|Location||Canada, Prince Edward Island|
|Central coordinates||63o 44.97' West 46o 30.06' North|
|Altitude||0 - 40m|
|Year of IBA assessment||2008|
Site description Malpeque Bay is located along the north (Gulf of St. Lawrence) shore of west-central P.E.I. It is comprised of a large shallow bay (average depth 4 m, maximum 13 m) that is enclosed by a 25 km long coastal sandspit and dune system on the seaward side. Tidal marshes and inlets are located along the landward side of the bay. The coastline within the bay is characterized by a zone of intertidal mud that varies in width up to a maximum of 1 km. Within the bay, there are nine islands, five of which are forested with the other four being characterized by grasses and shrubs. The adjacent lands are used primarily for agricultural purposes (especially potatoes and oats) with a small area of urban/industrial use along the southwest side.

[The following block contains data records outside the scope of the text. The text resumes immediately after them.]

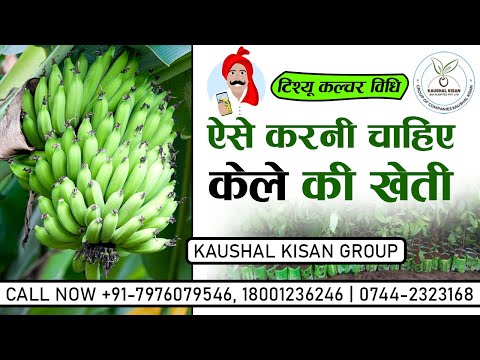 Banana Tissue Culture Plant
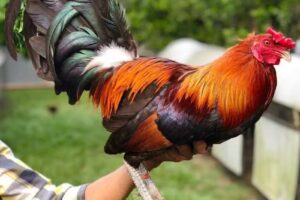 Reafilados de navajas” EL CABEÑO “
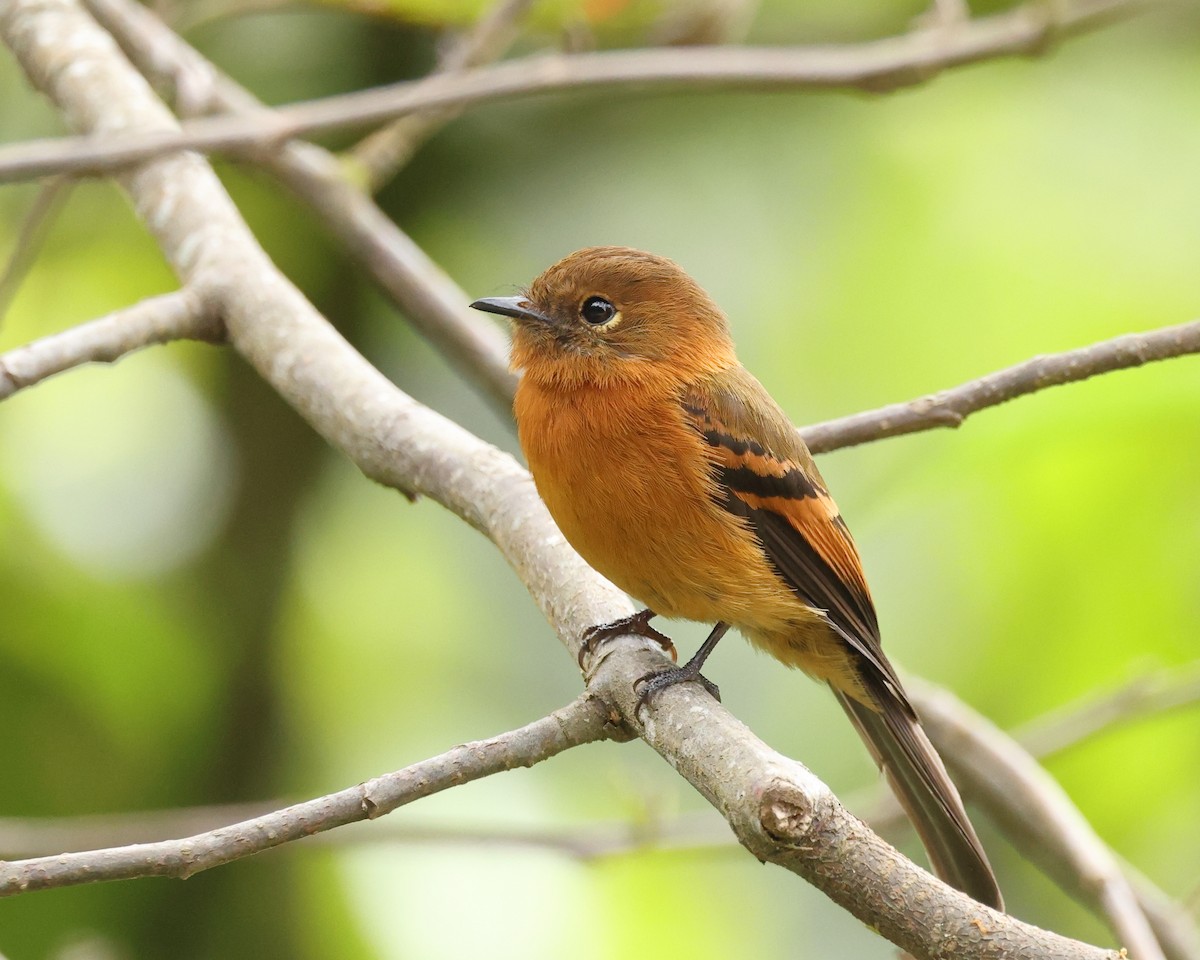 Cinnamon Flycatcher - ML622584464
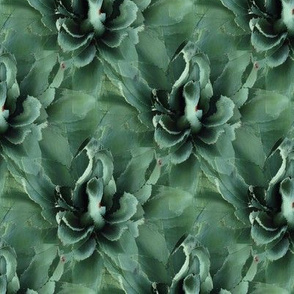 Agave Repeat Play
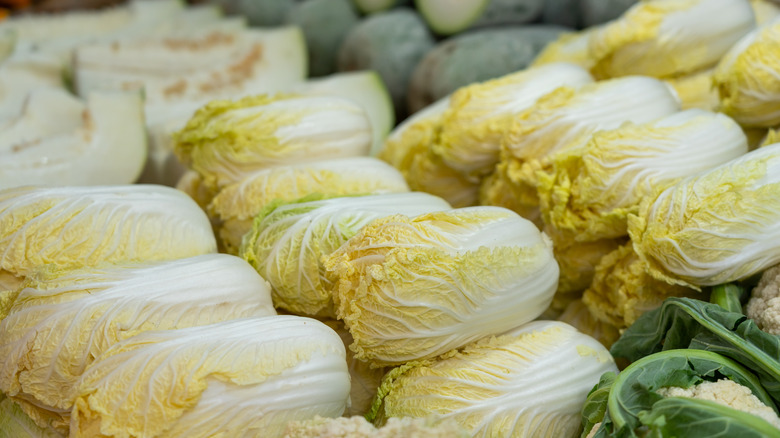 Napa cabbage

Key Biodiversity At least three Piping Plover beaches occur along the Malpeque Bay sandspit and barrier-dune chain: Conway Sandhills, Hog Island, and Darnley Point. In 1991, 22 Piping Plovers were recorded on these beaches (4.3% of the estimated Atlantic Canada population). In subsequent years numbers have been lower, with only 8 Piping Plovers being recorded in 1996 (1.9% of the estimated Atlantic Canada population). Piping Plovers are identified as a globally vulnerable, and nationally endangered species.

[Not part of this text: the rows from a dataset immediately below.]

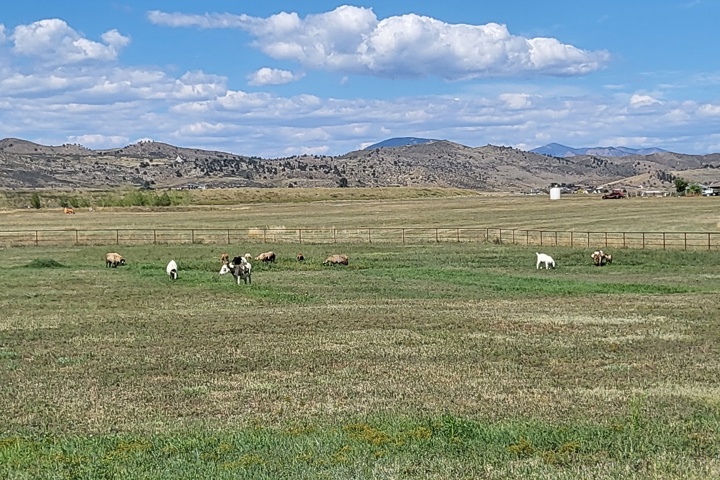 Large home in the foothills of the rockies - 4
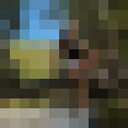 ���������� ���������, ���� ������� �����, 44 ����, ������������ 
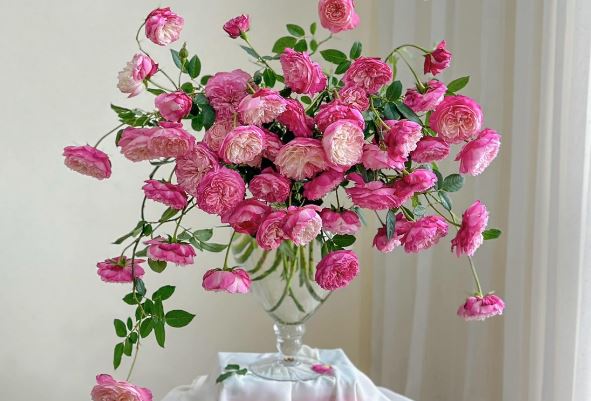 Tử vi hàng ngày - Thứ Bảy 10/2/2024 của 12 cung hoàng đạo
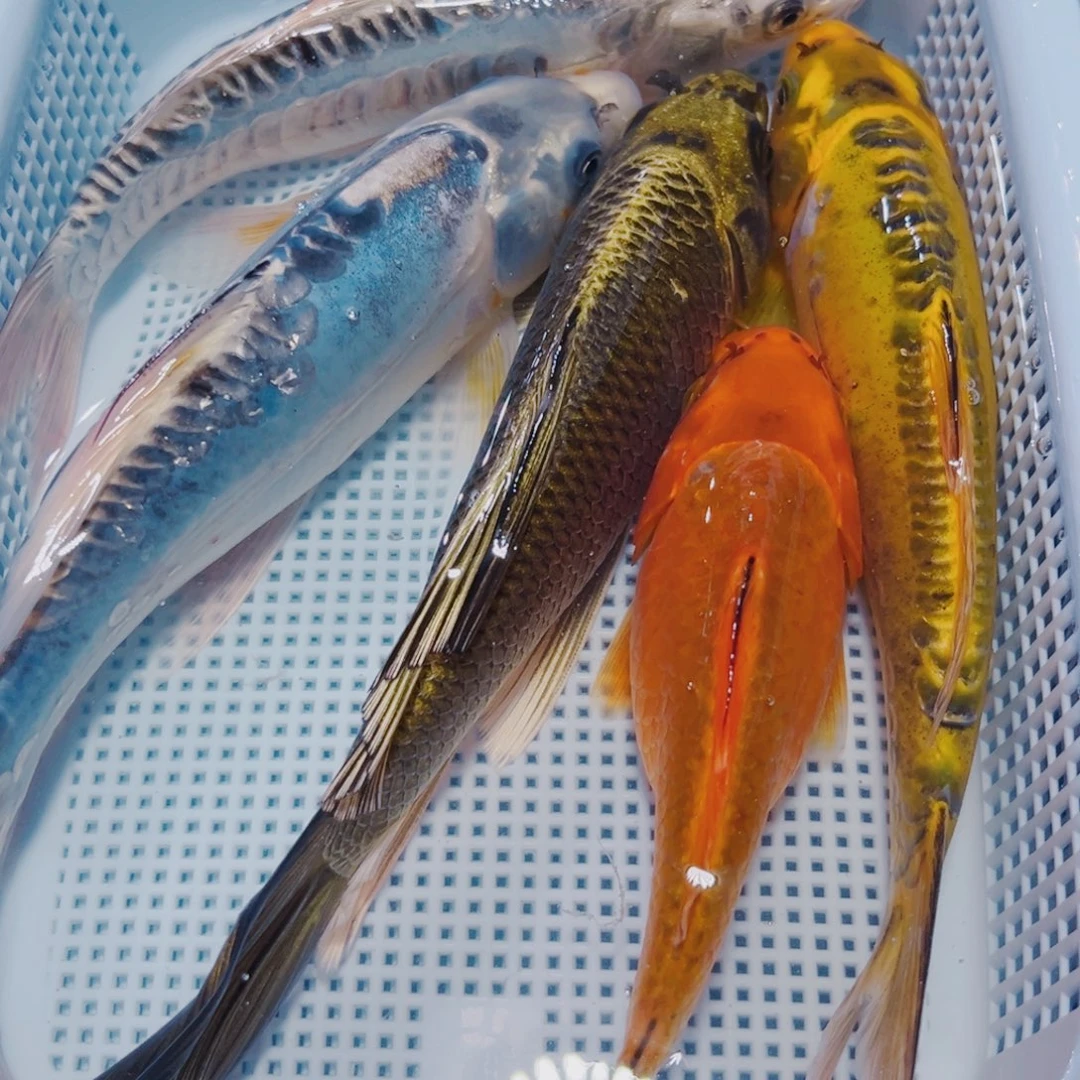 海水鱼锦鲤冷水观赏鱼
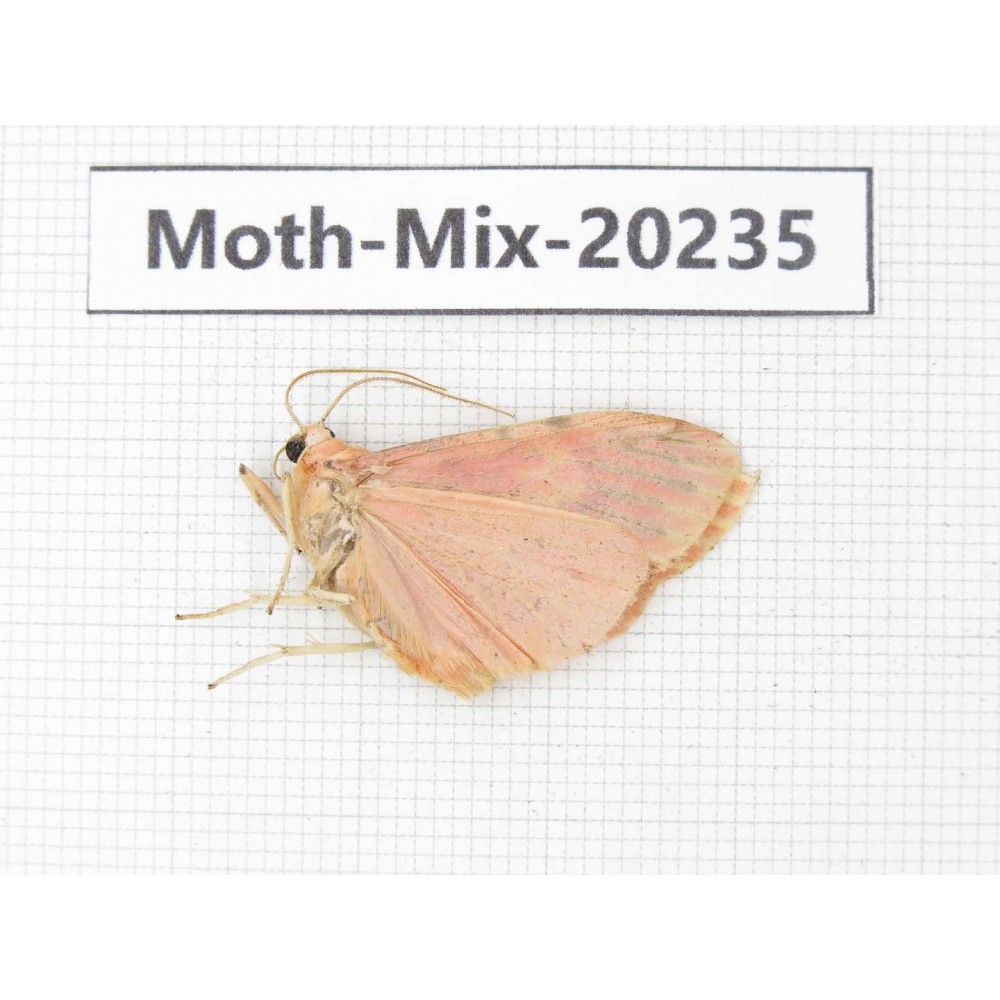 Moths sp. China, Tibet, Linzhi, Bomi county. 1Pcs. Moth-Mix-20235.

In addition to threatened species, large numbers of waterbirds utilize Malpeque Bay. Two colonies of Double-crested Cormorants occur within the bay: one on Little Courtin Island, and the other on Ram Island. The Ram Island colony is one of the largest in North America. Interchange occurs between the two islands with the entire population being present on Little Courtin Island in 1996, and relatively equal numbers being present on both islands in 1997 and 1998. Over the last 15 years, however, there have consistently been larger populations nesting on Ram Island than on Little Courtin Island. The combined long-term average (1986-98) for the two Double-crested Cormorant colonies is 4,044 nests. In recent years, numbers have increased slightly with a 1994-98 average of 4,645 nests. This population estimate represents about 2% of the estimated Canadian population, and over 1% of the estimated North American population.

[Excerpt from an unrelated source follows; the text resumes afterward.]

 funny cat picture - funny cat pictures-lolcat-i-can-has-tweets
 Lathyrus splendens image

Large numbers of Canada Geese from the Newfoundland and Labrador population also make use of Malpeque Bay during both the spring and fall migration. Over the past six years (1992-97) one-day counts completed in mid-November have recorded an average of 3,328 geese (as much as 3% of the estimated Newfoundland and Labrador population). The actual percentage of the population using the site, however, is likely much larger since the turnover of migrants also needs to be considered. Some estimates of the peak numbers of Canada Geese have ranged as high as 14,000 in the spring and 20,000 in the fall (about 15 to 20% of the estimated population. Other waterfowl species that congregate in the bay include: Red-breasted Merganser, Greater Scaup, American Black Duck, and Green-winged Teal. Additionally, numerous shorebirds use the area in fall migration. In particular, Greater Yellowlegs, Willet, Whimbrel and Red Knot are occasionally found in large numbers.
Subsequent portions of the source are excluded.